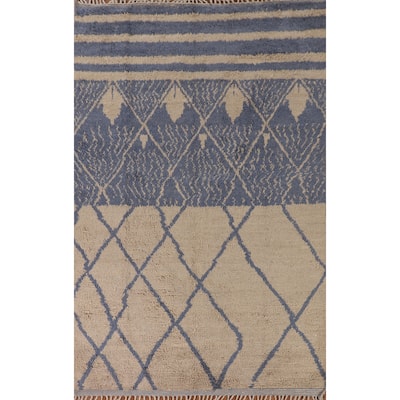Plush Moroccan Oriental Area Rug Handmade Wool Carpet - 7'0" x 10'6"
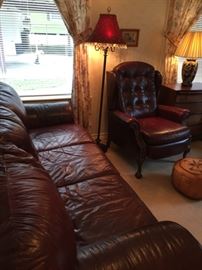 Leather couch, floor lamp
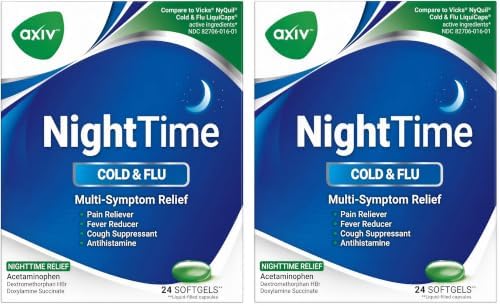 AXIV Nighttime Cold & Flu Relief Softgels, Multi-Symptom Nighttime Relief for Headache, Fever, Sore Throat, Minor Aches and Pains, Sneezing, Runny Nose, and Cough 24 Count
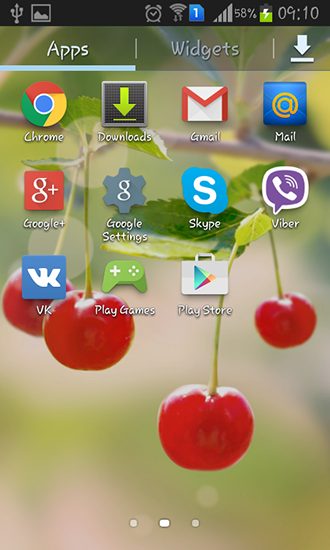 Screenshots of the live wallpaper Sweet cherry for Android phone or tablet.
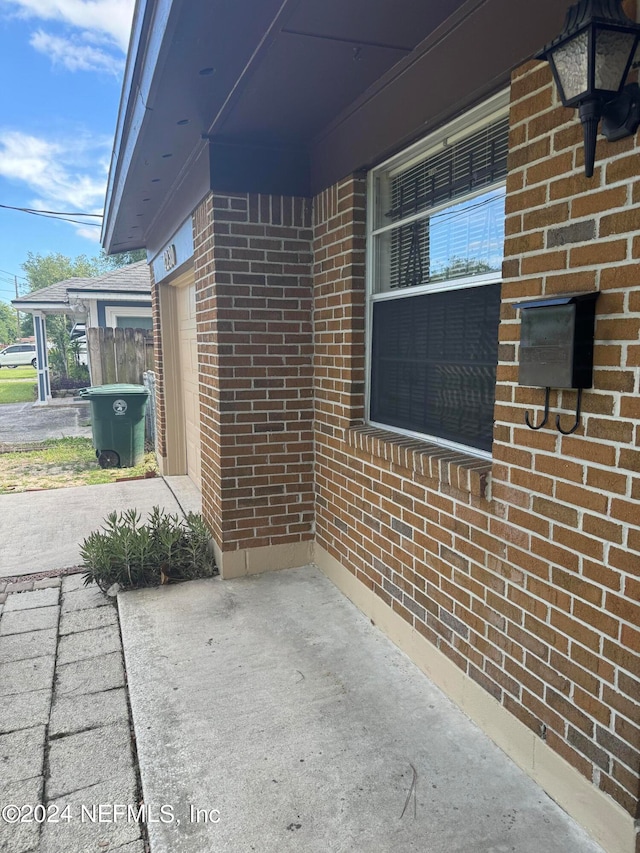 view of patio / terrace with a garage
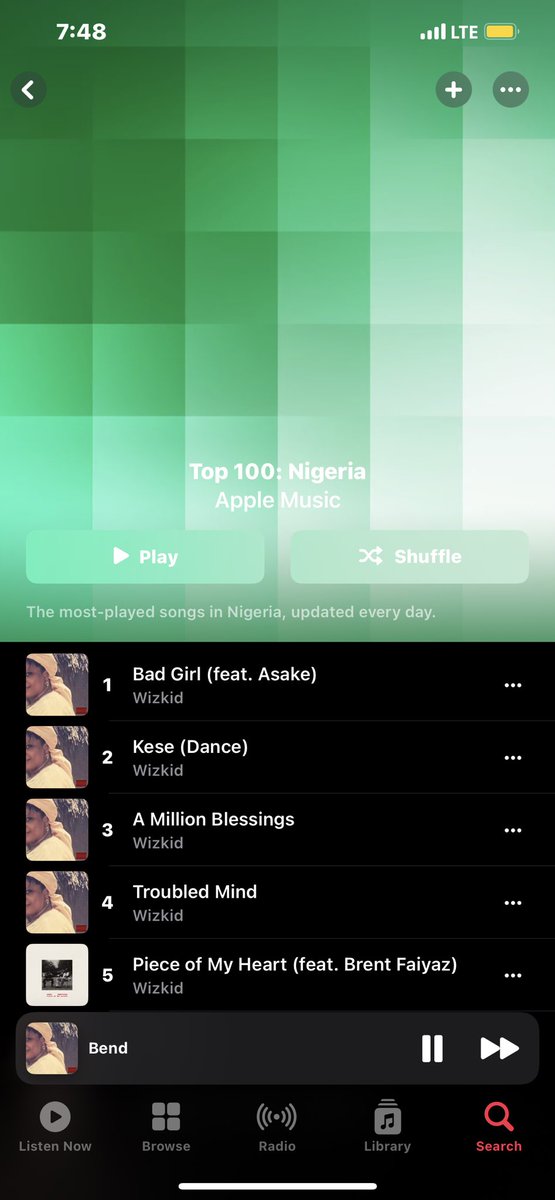 SherifUsman7's tweet photo. Wizkid “Morayo” is the first album to achieve a clean sweep for 15 consecutive days on Nigeria 🇳🇬 Apple Music daily songs chart 📊

🔘It occupied 1-16 with all it 16 tracks https://t.co/ww8xv9jKX9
====
*REQUIRED WORK*: Copy exactly the lines from the line that has "AXIV Nighttime Cold" through the last line of the entries above, inclusive, and no others. Pictures do not go in the copy.

*OUTPUT OF THE EXERCISE*:
 AXIV Nighttime Cold & Flu Relief Softgels, Multi-Symptom Nighttime Relief for Headache, Fever, Sore Throat, Minor Aches and Pains, Sneezing, Runny Nose, and Cough 24 Count
 Screenshots of the live wallpaper Sweet cherry for Android phone or tablet.
 view of patio / terrace with a garage
 SherifUsman7's tweet photo. Wizkid “Morayo” is the first album to achieve a clean sweep for 15 consecutive days on Nigeria 🇳🇬 Apple Music daily songs chart 📊

🔘It occupied 1-16 with all it 16 tracks https://t.co/ww8xv9jKX9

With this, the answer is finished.